Although these play a fundamental role in data centers dedicated to training AI models, according to the social networking company, they are not as efficient in the inference process. To put some context, inference is the second phase of the machine learning process, the one that occurs after training.
In training, as we mentioned before, the model learns from the data and its parameters are adjusted to provide answers in a process that is very demanding. time and calculation capacity. In inference, what has been learned is put into practice by giving answers, but with a fraction of the power used in training.
CPU better than GPU for inference processing
Starting from this premise, Meta changed its focus. Instead of using GPU-based systems for inference processes, he opted to use CPU (Central Processing Unit). This meant an opportunity to develop its own family of chips called Meta Training and Inference Accelerator (MTIA) specific for inference.
Although this project has its origins in 2020, now is when the company has decided to speak publicly about it. And this comes with some interesting technical data. We are facing chips manufactured under the process of TSMC 7 nanometer photolithography whose TDP is 25 W. It is designed to support up to 128 GB of memory.
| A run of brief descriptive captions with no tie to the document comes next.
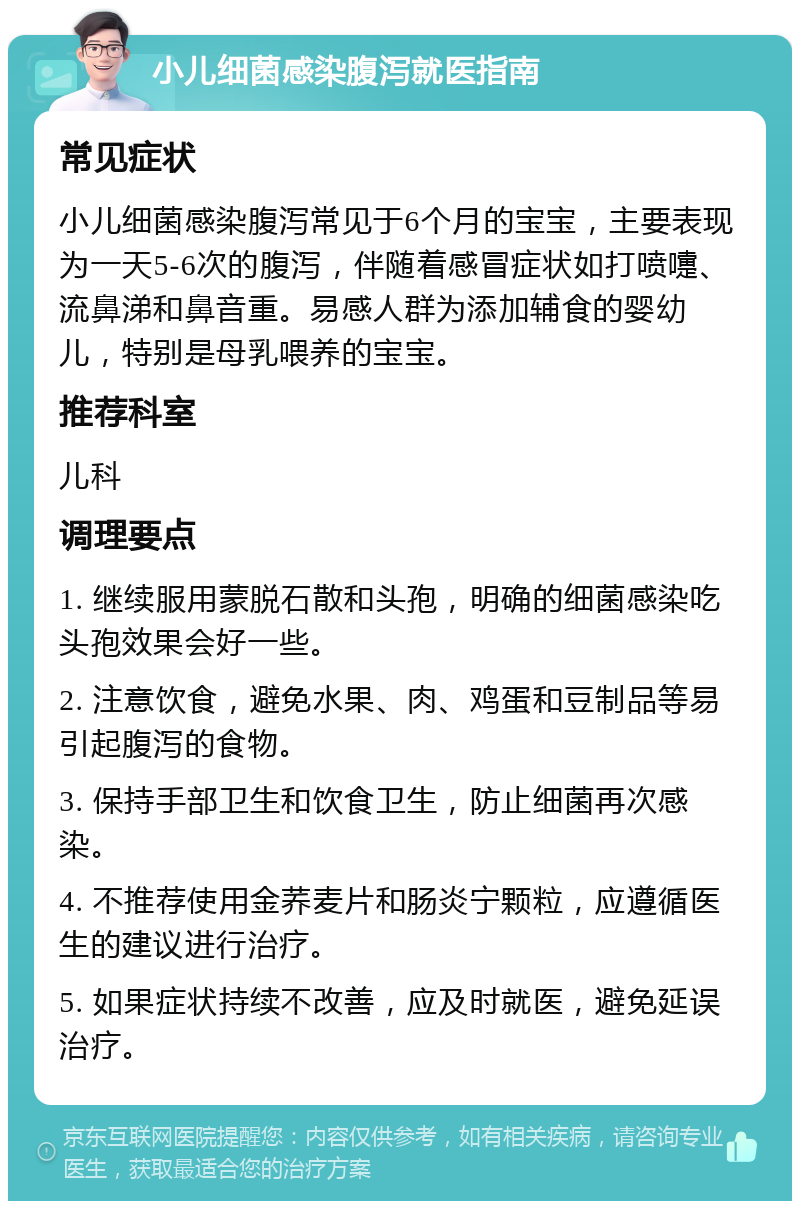 小儿细菌感染腹泻就医指南 常见症状 小儿细菌感染腹泻常见于6个月的宝宝，主要表现为一天5-6次的腹泻，伴随着感冒症状如打喷嚏、流鼻涕和鼻音重。易感人群为添加辅食的婴幼儿，特别是母乳喂养的宝宝。 推荐科室 儿科 调理要点 1. 继续服用蒙脱石散和头孢，明确的细菌感染吃头孢效果会好一些。 2. 注意饮食，避免水果、肉、鸡蛋和豆制品等易引起腹泻的食物。 3. 保持手部卫生和饮食卫生，防止细菌再次感染。 4. 不推荐使用金荞麦片和肠炎宁颗粒，应遵循医生的建议进行治疗。 5. 如果症状持续不改善，应及时就医，避免延误治疗。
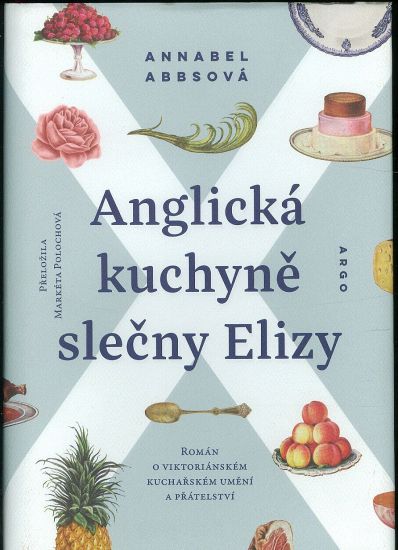 Anglicka kuchyne slecny EWlizy  Roman o viktorianskem kucharskem umeni a pratelstvi - Abbsova Annabel | antikvariat - detail knihy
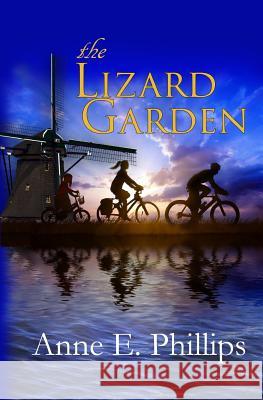 The Lizard Garden Anne E. Phillips 9781539725121 Createspace Independent Publishing Platform - książka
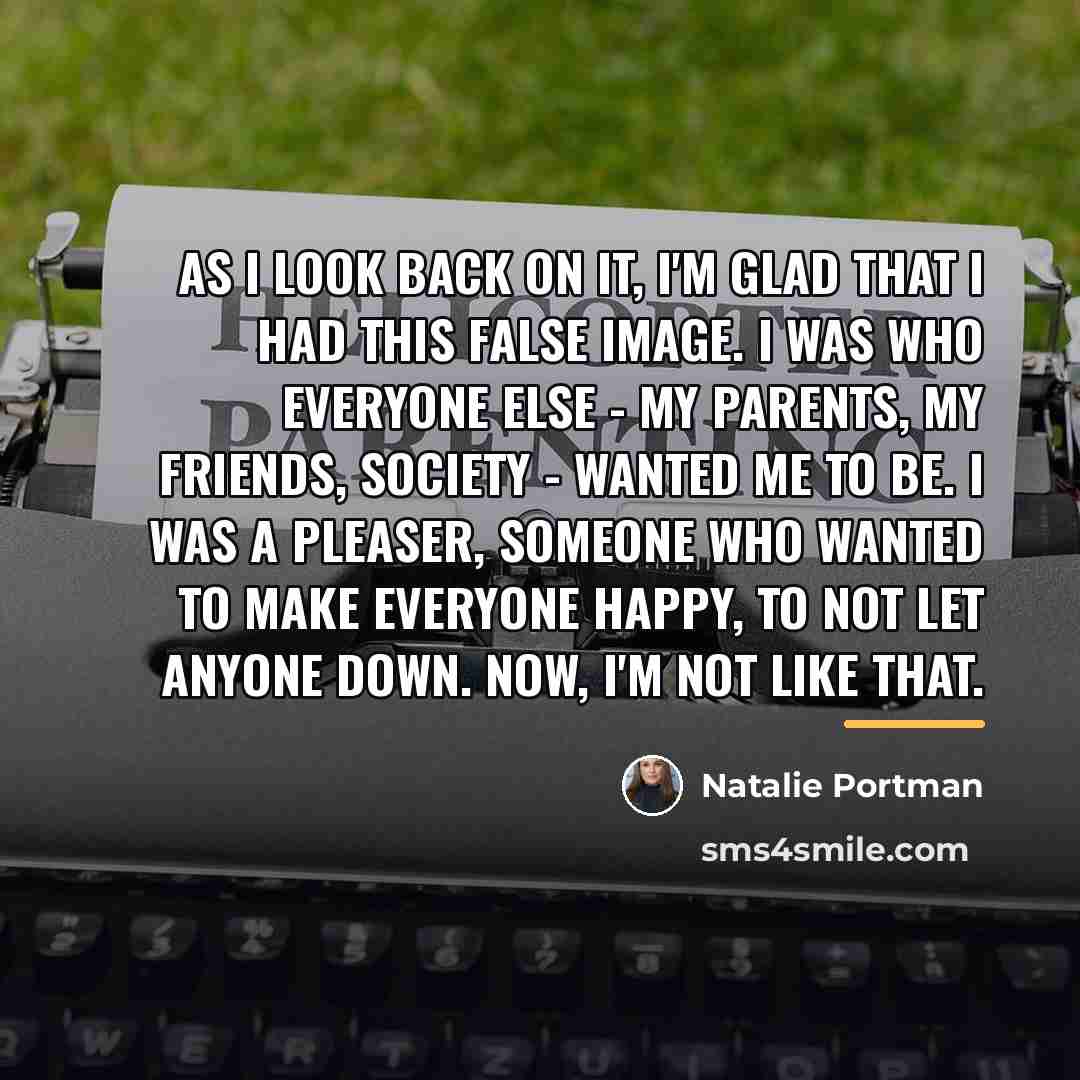 “As I look back on it, I'm glad that I…” quote by Natalie Portman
Each CPU is mounted on M.2 boards that connect via PCIe Gen4 x8 slots. Remember that data centers have multiple of these chips working in unison to deliver high levels of computing power. These characteristics, mentioned in broad strokes, are not definitive and continue to evolve.
We do not know how much these chips developed by Meta and manufactured by TSMC will come into play, but the following point can serve as a guide. The company is already working on its next generation data centers, which will complement the work of the SRC. Precisely, the heart of these data centers will be the MTIA chips.
Meta says that root control of the physical and software components of their upcoming data centers translates into an “end-to-end experience” that will allow them to substantially improve their data center capacity, although it does not mention dates. Of course, remember that we are in the middle of a race.
Images: Goal
In Xataka: Sam Altman is clear that to regulate AI you have to license it. That’s especially good for OpenAI.